The MIPS P8700 core, featuring multi-core/multi-cluster and multi-threaded CPU IP based on the RISC-V ISA, is now progressing toward series production with multiple major OEMs. Key customers like Mobileye (Nasdaq: MBLY) have embraced this approach for future products for self-driving vehicles and highly automated driving systems.

“MIPS has been a key collaborator in our success with the EyeQ™ systems-on-chip for ADAS and autonomous vehicles,” said Elchanan Rushinek, executive vice president of engineering for Mobileye, in a statement. “The launch of the MIPS P8700 RISC-V core will help drive our continued development for global automakers, enabling greater performance and excellent efficiency in cost and power usage.” 

The P8700 Series is a high-performance out-of-order processor that implements the RISC-V RV64GC architecture, including new CPU and system-level features designed for performance, power, area form factors and additional proven features built on legacy MIPS micro-architecture deployed in more than 30+ car models today across the global OEM market.

Mobileye chip for vehicles with P8700 CPU from MIPs.

Engineered to deliver industry-leading compute density, MIPS’ latest processor harnesses three key architectural features, including MIPS out-of-order multi-threading, which enables execution of multiple
instructions from multiple threads (harts) every clock cycle, providing higher utilization and CPU efficiency.

It also has coherent multi-core, multi-cluster, where the P8700 Series scales up to 6 coherent P8700 cores in a cluster with each cluster supporting direct attach accelerators.

And it has functional safety designed to meet the ASIL-B(D) functional safety standard (ISO26262) by incorporating several fault detection capabilities such as end-to-end parity protection on address and data buses, parity protection on software visible registers, fault bus for reporting faults to the system, and
more.

The MIPS P8700 processor is now available to the broader market, with key partnerships already in place. Shipments with OEM launches are expected shortly. MIPS has been around for three decades and billions of its chips have shipped to date.

In the past, Wasson said vendors were using the wrong computer architecture, which was built for entertainment and screen applications, rather than hardcore AI problems.

“What we are trying to do is go focus on building compute for ADAS and higher levels of autonomy, from the ground up,” he said.

Vasanth Waran, worldwide head of business development at MIPS, said in an interview with VentureBeat that other architectures have been pushing performance forward through brute force, adding more complexity and scaling, but not necessarily coming up with affordable designs.

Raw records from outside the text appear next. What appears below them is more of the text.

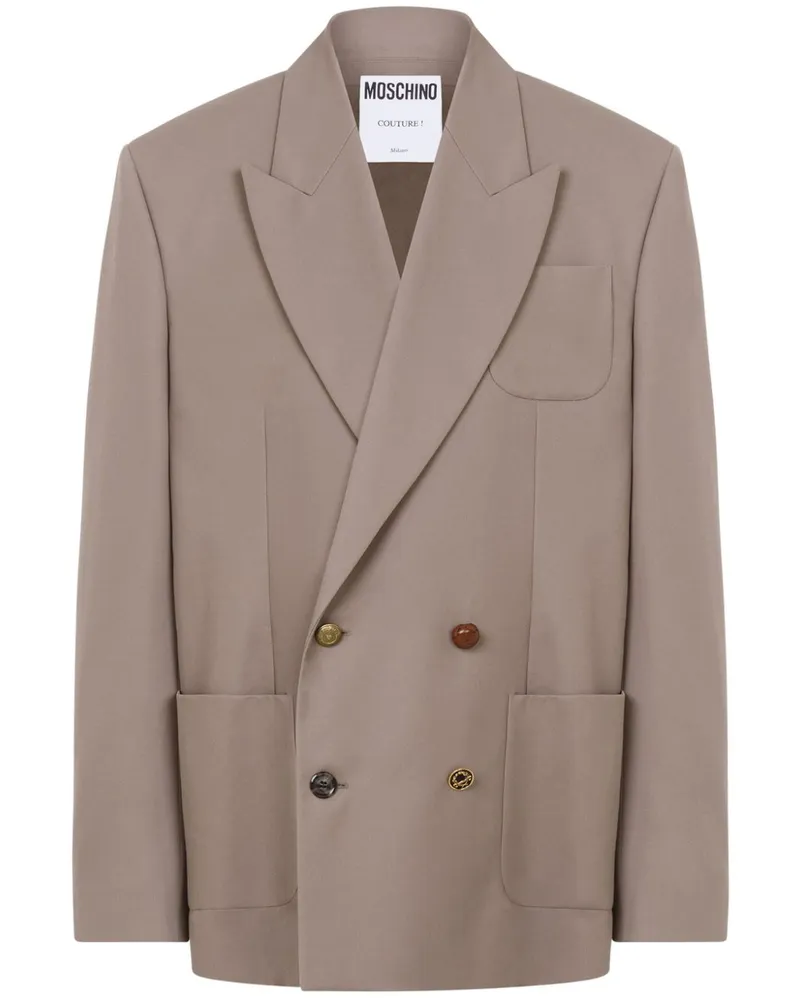 Moschino Doppelreihiges Sakko - Nude Nude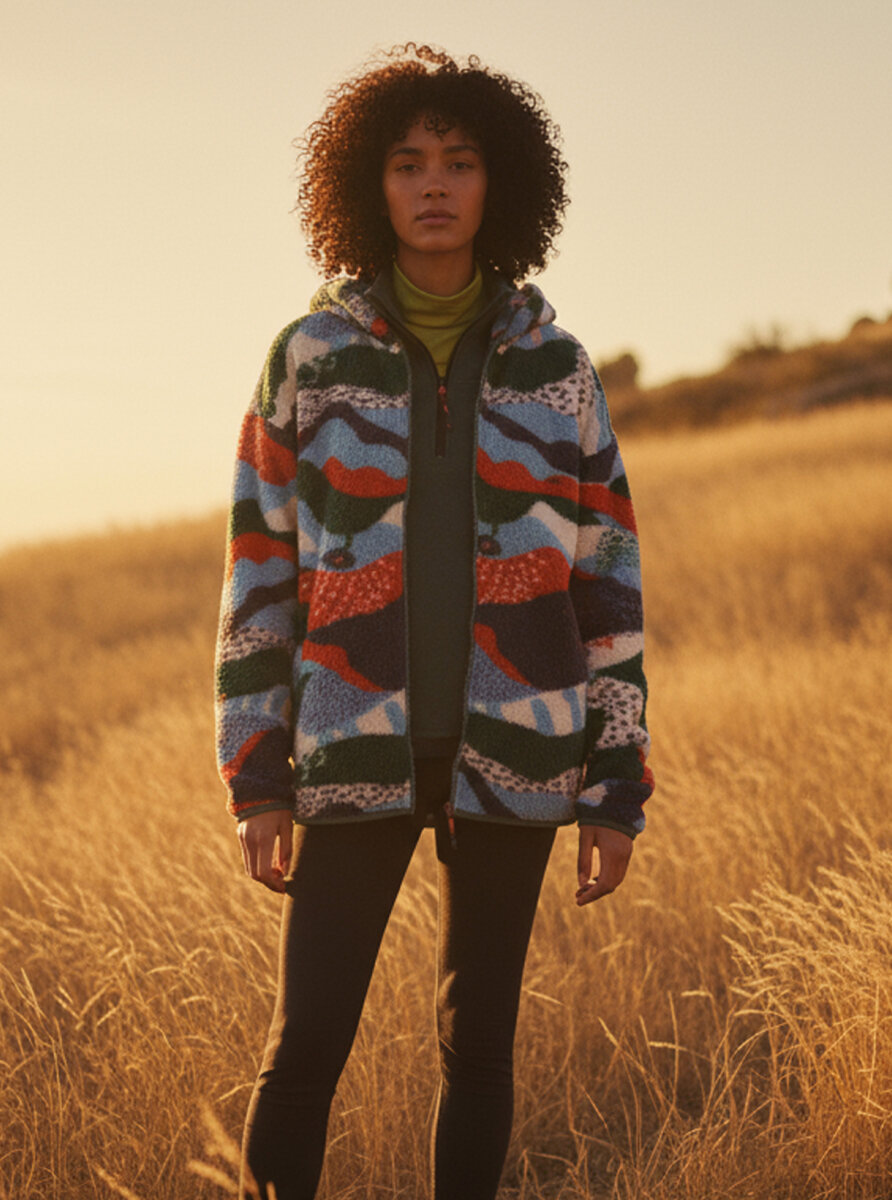 Unisex Termal Polar Ceket 20003 - Desenli - Blackspade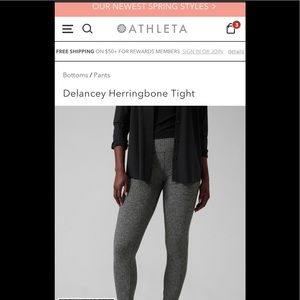 Athleta Herringbone tights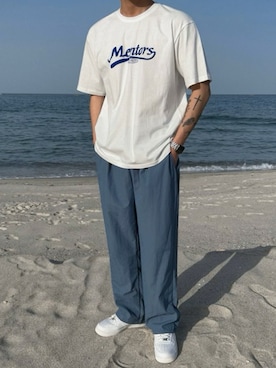 NOWLEさん（メンズ・180cm）の夏コーディネート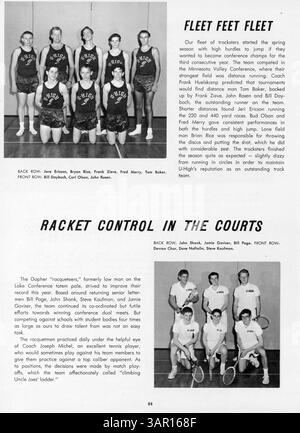 L'edizione 1961 di Bisbila, annuario della University High, documenta i diversi aspetti della vita studentesca durante l'anno accademico 1960-1961, evidenziando eventi sportivi, club scolastici e contributi degli insegnanti. Riflette anche la storia e la cultura afroamericana durante questo periodo. Foto Stock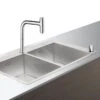 Hansgrohe Spoelbakken - Spoelbakset C71-F765-10 Spoelbak+keukenkraan, Chroom 43203000 1 Hansgrohe Spoelbakken - Spoelbakset C71-F765-10 Spoelbak+keukenkraan, Chroom 43203000 -Keukengerei Winkel 441401be641e5829ae0f52ea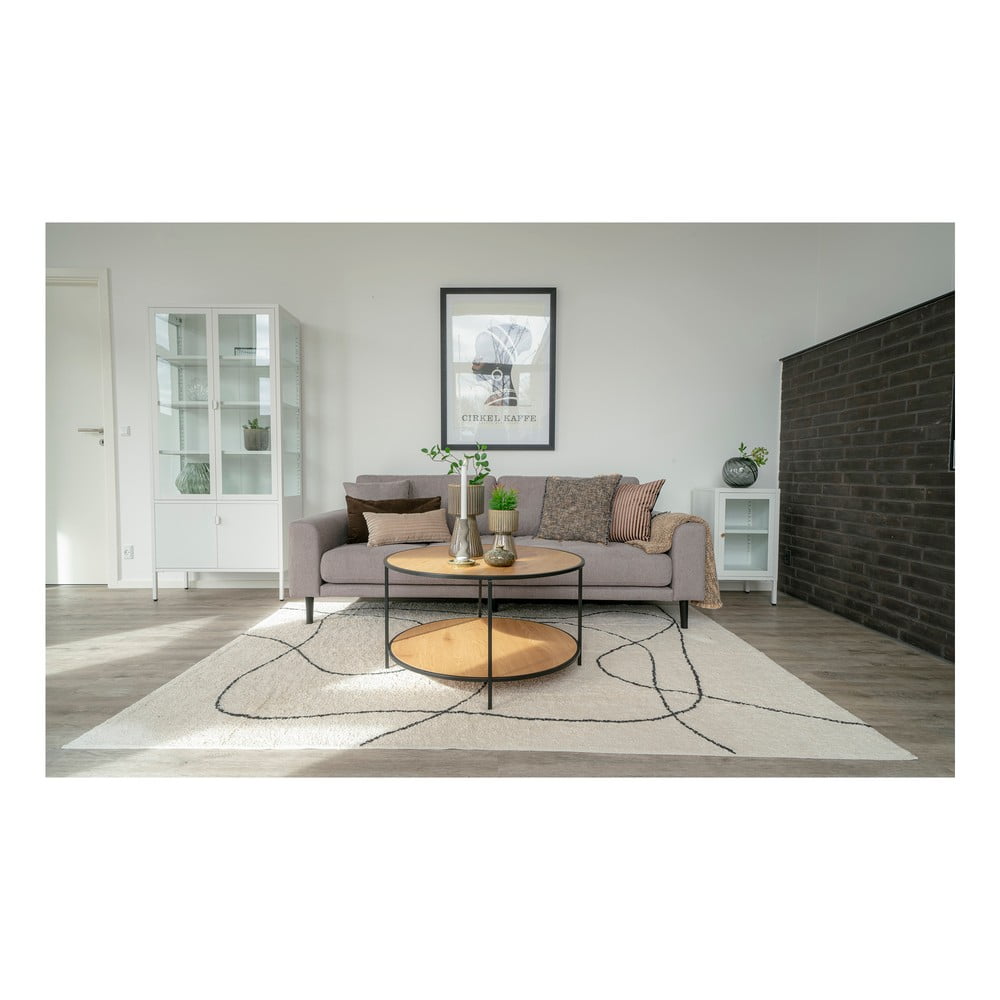 Okrągły stolik z blatem w dekorze dębu ø 80 cm Vita – House Nordic (zdjęcie 5)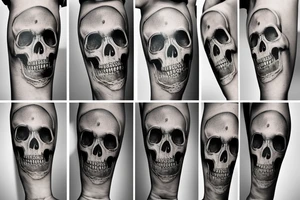 A skull, a clock, a camera tattoo idea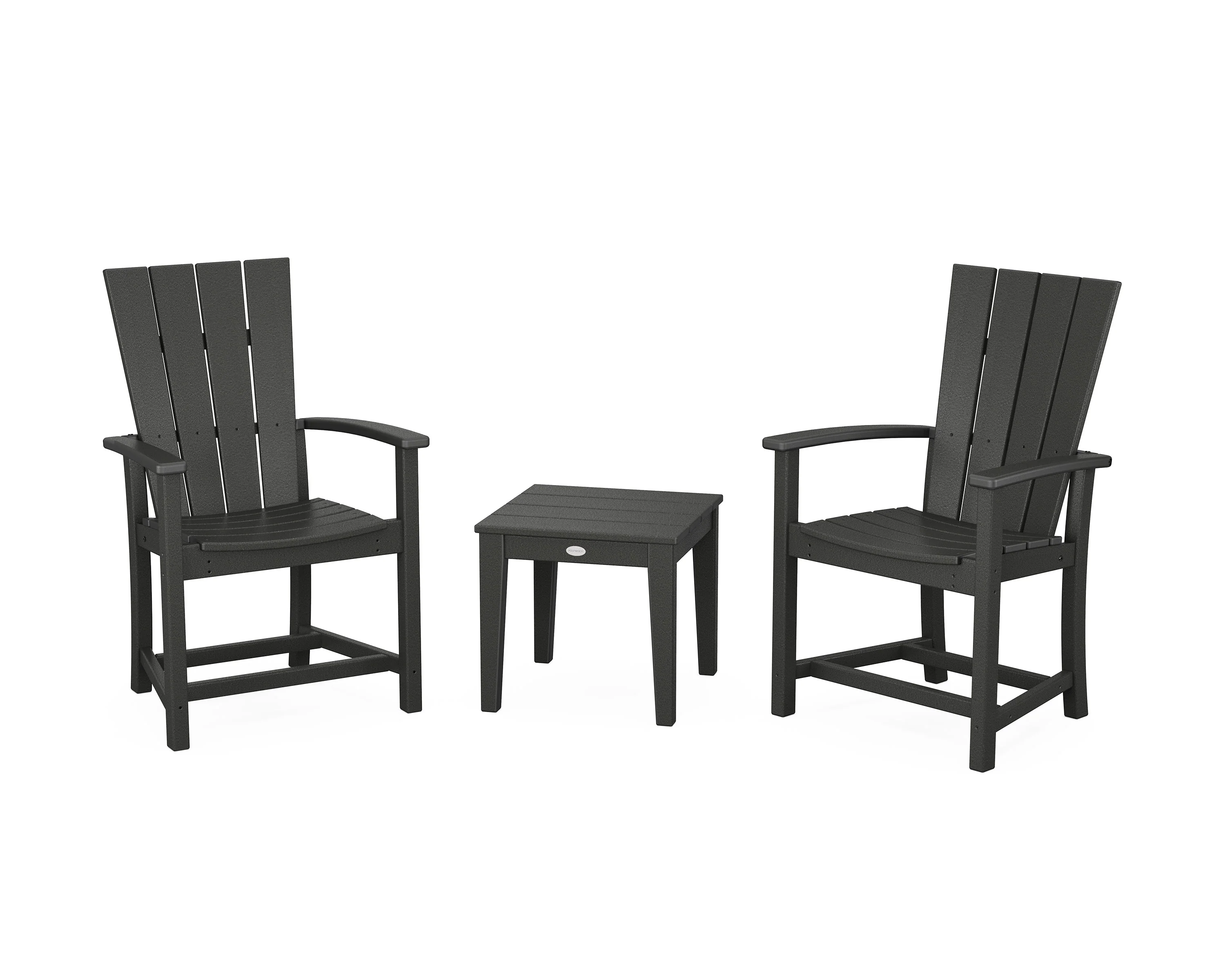 Quattro 3-Piece Upright Adirondack Chair Set - Image 7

“If you want to bring it to a larger market, you want autonomy to be affordable, and you want it to scale,” Waran said. “There needs to be a more pure approach, given the lack of a better word, and that’s what motivated us. The 8700 from the ground up is where you can move data seamlessly between different parts of a design. If you look at a car, you have a lot of sensors with data coming in, from cameras, radar, LiDAR, in some cases, and the inputs from these need to be processed. It needs to be pushed out to an AI accelerator system. And then that data needs to help you make a decision.”

MIPS’ designs try to offload a lot of the performance from AI accelerators, whether it’s in pre-processing or post-processing. With a general-purpose processor, new software can be supported, and such software for AI accelerators is changing all the time.

RISC-V has been building up its ecosystem in the past couple of years, and its ecosystem is now at the right size to support applications.

“The other big thing that’s happening is software defined vehicles. Our products can be used for a holistic software-defined vehicle architecture,” Waran said. “We’re focused completely on the autonomous journey.”

Wasson said his company will be at the CES 2025 event coming up in Las Vegas in January, where pitching automakers will be a big task for the company.